Records excerpted from a collection:

Start of Block

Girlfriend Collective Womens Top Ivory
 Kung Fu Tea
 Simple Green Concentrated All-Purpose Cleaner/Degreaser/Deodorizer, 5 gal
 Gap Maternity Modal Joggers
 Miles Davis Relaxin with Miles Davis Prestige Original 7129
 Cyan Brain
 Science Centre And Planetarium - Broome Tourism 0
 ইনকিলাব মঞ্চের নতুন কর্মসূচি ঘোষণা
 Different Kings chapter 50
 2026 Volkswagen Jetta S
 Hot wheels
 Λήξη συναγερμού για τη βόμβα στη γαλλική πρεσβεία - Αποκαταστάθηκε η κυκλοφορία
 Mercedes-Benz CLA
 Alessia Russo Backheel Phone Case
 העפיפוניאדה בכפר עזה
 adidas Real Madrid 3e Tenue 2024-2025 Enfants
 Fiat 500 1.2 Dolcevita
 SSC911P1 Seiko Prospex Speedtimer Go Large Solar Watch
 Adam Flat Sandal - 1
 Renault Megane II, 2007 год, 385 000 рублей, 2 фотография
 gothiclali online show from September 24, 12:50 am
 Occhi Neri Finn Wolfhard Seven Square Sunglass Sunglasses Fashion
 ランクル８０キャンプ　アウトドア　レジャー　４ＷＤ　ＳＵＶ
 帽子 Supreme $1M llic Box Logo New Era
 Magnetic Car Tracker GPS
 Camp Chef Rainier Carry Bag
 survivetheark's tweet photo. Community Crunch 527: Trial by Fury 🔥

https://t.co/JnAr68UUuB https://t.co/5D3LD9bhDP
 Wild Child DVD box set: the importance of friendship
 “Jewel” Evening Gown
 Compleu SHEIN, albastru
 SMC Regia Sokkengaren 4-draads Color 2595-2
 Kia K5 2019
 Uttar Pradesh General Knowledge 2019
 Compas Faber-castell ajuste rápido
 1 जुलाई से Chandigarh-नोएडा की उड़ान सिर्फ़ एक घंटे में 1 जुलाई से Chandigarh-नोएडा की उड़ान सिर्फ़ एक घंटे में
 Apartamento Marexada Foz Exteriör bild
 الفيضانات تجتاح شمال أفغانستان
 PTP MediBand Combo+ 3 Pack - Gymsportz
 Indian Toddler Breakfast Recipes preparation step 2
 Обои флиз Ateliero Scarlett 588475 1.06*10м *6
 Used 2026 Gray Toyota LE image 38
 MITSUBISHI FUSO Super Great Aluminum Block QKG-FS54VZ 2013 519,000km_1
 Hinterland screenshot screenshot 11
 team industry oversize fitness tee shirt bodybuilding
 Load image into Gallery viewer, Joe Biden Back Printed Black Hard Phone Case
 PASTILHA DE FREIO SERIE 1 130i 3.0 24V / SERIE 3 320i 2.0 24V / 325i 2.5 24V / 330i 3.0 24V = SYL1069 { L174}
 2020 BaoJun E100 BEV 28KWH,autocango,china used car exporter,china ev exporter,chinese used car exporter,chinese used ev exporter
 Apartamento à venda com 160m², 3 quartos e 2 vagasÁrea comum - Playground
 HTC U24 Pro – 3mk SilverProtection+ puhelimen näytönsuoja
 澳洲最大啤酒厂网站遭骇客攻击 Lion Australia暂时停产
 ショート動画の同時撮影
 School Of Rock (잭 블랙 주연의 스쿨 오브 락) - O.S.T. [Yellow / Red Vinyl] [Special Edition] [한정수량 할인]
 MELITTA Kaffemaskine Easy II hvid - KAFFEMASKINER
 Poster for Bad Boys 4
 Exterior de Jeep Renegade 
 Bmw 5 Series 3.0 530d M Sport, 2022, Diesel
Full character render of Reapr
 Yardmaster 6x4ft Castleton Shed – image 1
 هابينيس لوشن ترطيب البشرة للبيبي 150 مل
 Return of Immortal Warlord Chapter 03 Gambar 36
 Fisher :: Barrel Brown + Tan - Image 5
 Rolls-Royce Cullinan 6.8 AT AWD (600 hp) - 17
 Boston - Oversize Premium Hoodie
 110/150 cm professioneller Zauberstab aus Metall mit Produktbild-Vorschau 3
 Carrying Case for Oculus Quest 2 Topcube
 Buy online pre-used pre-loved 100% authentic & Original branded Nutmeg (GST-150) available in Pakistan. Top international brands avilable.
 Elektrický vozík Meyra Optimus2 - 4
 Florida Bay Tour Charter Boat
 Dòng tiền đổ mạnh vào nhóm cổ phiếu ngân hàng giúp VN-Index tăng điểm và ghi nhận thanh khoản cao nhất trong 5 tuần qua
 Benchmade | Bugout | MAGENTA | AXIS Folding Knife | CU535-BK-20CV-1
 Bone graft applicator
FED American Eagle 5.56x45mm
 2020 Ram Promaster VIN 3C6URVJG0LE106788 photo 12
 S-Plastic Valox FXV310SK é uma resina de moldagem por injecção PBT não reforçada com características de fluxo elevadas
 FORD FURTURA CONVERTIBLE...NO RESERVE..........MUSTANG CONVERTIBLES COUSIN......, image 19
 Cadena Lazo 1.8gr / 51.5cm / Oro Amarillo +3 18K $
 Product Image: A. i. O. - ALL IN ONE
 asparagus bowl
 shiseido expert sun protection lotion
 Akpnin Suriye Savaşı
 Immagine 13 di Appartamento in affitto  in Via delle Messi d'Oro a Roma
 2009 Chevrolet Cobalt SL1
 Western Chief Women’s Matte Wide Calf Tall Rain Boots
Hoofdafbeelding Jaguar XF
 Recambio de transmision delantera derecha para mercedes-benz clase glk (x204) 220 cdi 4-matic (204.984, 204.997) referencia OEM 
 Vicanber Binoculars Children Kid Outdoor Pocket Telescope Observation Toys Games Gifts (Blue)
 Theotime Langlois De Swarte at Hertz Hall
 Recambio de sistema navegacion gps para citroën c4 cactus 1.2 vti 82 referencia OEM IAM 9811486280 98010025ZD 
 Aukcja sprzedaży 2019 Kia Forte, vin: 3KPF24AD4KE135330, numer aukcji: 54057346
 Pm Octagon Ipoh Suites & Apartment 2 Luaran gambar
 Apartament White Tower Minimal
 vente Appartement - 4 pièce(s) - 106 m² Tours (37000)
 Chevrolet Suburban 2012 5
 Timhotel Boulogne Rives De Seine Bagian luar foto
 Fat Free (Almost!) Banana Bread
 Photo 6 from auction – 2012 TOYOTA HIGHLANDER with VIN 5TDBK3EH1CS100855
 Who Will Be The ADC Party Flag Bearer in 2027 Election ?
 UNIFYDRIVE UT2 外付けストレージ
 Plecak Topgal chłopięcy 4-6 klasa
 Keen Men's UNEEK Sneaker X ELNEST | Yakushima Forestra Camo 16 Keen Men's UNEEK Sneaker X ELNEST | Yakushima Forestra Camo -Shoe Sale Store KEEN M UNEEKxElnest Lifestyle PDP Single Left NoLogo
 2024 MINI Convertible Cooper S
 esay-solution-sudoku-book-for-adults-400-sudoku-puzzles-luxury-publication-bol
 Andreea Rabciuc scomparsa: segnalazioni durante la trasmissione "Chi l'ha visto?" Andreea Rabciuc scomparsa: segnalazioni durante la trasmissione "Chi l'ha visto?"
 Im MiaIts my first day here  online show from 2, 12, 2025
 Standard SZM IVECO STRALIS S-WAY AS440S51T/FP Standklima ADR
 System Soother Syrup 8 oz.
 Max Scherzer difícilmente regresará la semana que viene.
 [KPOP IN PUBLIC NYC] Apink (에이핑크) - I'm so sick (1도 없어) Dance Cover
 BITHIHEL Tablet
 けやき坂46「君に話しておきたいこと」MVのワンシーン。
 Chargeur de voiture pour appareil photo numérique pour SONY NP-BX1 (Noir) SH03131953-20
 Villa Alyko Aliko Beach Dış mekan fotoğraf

End of Block

● WORK ITEM:
How many of the lines in the records above include the word "Phone"? State that number alone.

● RESPONSE AREA:
2